For students of ideology a new problematic arises. Which analytical tools are the most appropriate for studying ideological segments, as well as for studying the new or reinvigorated ideological families – such as feminism, green political thought, and nationalism – that do not claim to be catch-all receptacles with an all-inclusive agenda? Well, segments and modules are not ideologies. A table and chair in an otherwise empty room would be a pitiful semblance of a furnished room indeed. Rather, it conjures up the image of a prison: a room with a constrained and constraining purpose. None the less, minimalist furniture can offer very striking arrangements and highlight a few aesthetic and functional messages, as would an interest group with a singular ideological aim. We are left with two interpretative options. The first is to explore the extent to which ideological modules are actually contained in broader host ideologies, despite their bid for ideational independence. The second is to announce the existence of a new morphological variety, namely, a thin ideology.

A thin ideology is one that, like mainstream ideologies, has an identifiable morphology but, unlike mainstream ideologies, a restricted one. It severs itself from wider ideational contexts by deliberately removing or replacing many concepts we would expect an ideology to include. It does not embrace the full range of questions that the macro-ideologies do, and is limited in its ambitions and scope.
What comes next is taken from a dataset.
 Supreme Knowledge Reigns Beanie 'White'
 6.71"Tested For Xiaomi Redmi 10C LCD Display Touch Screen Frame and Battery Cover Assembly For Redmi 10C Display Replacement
Take nationalism, an ideology that concentrates on the
exceptional worth of a nation
as the shaper of human identity while often emphasizing its
superiority
over other national entities, and that justifies the demands a nation can make on the conduct of its members. The point is that is does little else. It certainly does not produce a scheme for the just distribution of scarce and vital goods – the famous ‘who gets what, when, how’ question that is seen to be central to politics. While it constantly
talks up national self-determination, or emancipation from external rule when the nation in question is not governed by an independent state, it is silent on individual liberty and rights and on the desired relations between the public and private spheres.

Nationalism in fact rarely appears in this raw and thin form, unless a specific ethnic group is demanding a nation-state of its own against a hostile political system (for example, the struggle of the Basques against Spain), or an existing nation-state is being threatened by an external enemy threatening to swamp it (for example, the British bulldog image during the Second World War). It is far more likely to be found sheltering within broader host ideologies. Conservatives are happy to find space in their room for the nationalist love affair with an invented history and an exclusive territory. Fascists, of course, exploit nationalism as the justification of offensive militarism directed at real and imagined enemies. This comes with a very physical and racial view of what constitutes the fibre of a nation. Even liberals have periodically come to terms with nationalism, a word they have also shied away from frequently. After all, it sanctions the principle of self-government, and it can be tweaked to advocate the universal right of all nations to possess their own state.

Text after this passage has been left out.